「2016年6月の読書リスト」

早いもので、今年も半年が過ぎた。今年(2016年)は参議院選挙がある。今回の選挙でどんな結果になるのか、正直言って怖い。皆様ご存じの通り、与党は今回の選挙で全議席の2/3を占めることを目標にしている。そうすれば、安倍政権の悲願である「憲法改正」の実現に一歩近づくことになる。

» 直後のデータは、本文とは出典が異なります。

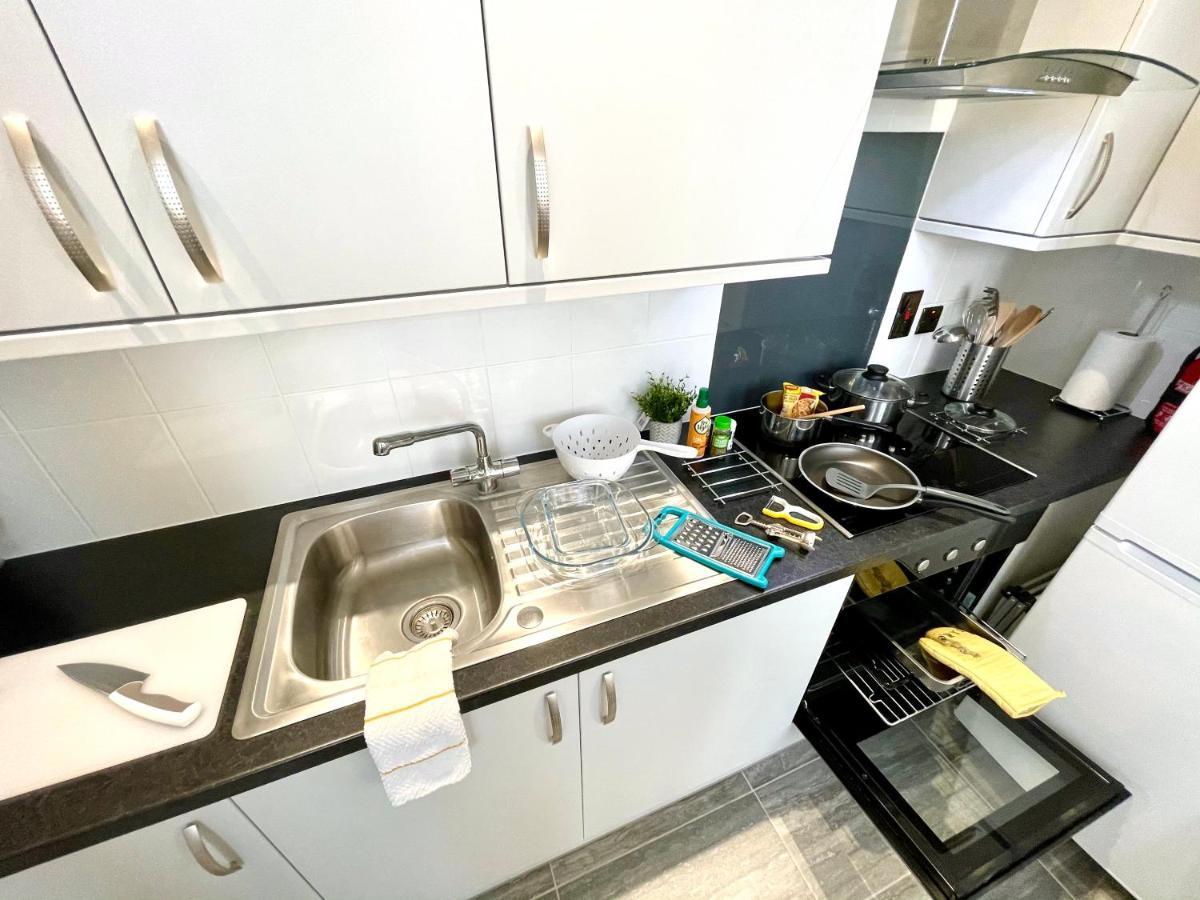 Modern Family Apartment Free Parking And Gym By Beach Bournemouth Kültér fotó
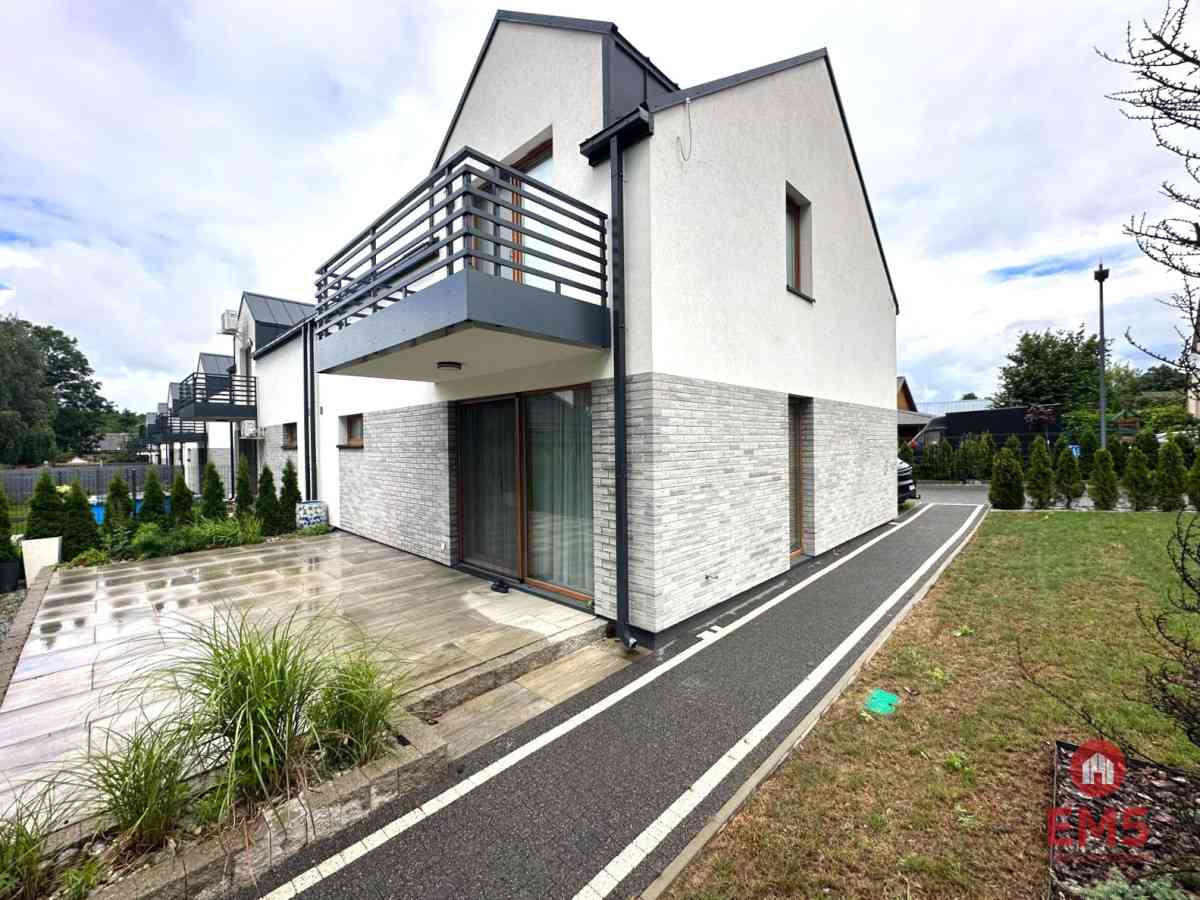 Bliźniak w Nowodworcach wykończony pod klucz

だが、有権者は本当に自民党を勝たせてしまうのか?そのカギを握っているのは、1人区の情勢である。前回の参院選で、与党勢力は29勝と圧倒した。しかしその原因は、野党系候補が乱立して共倒れになったからで、与党系候補の得票率は半分に満たない。前回の参議院選挙では、野党系候補の得票率が与党を上回ったところも多かった.そのため心ある多くの有権者は「なぜ野党は大同団結できないのか?」と怒りの声を上げた。野党各党が候補者を絞り、票割りをうまく配分していたら、結果は違っていたと指摘する識者も多い。彼らも前回の苦い教訓を生かす姿勢はあるようで、今回の選挙では野党(民進・共産・社民・生活)合同の統一候補を立てて、これに対抗しようとしている。今回やっと有権者の要求が通ったが、中心野党の民進党内部では、この期に及んで「共産党との共闘はイヤだ」などとガタガタ言っている。自民党に不満を持つ保守層が増えているにもかかわらず「共産党と組めば、彼ら保守層が逃げる」という議員がいるのだ。この党の「政治センス」のなさは今に始まったことではないが、この体たらくを見ると、政治に絶望を感じる人たちが増えるのも当然だろう。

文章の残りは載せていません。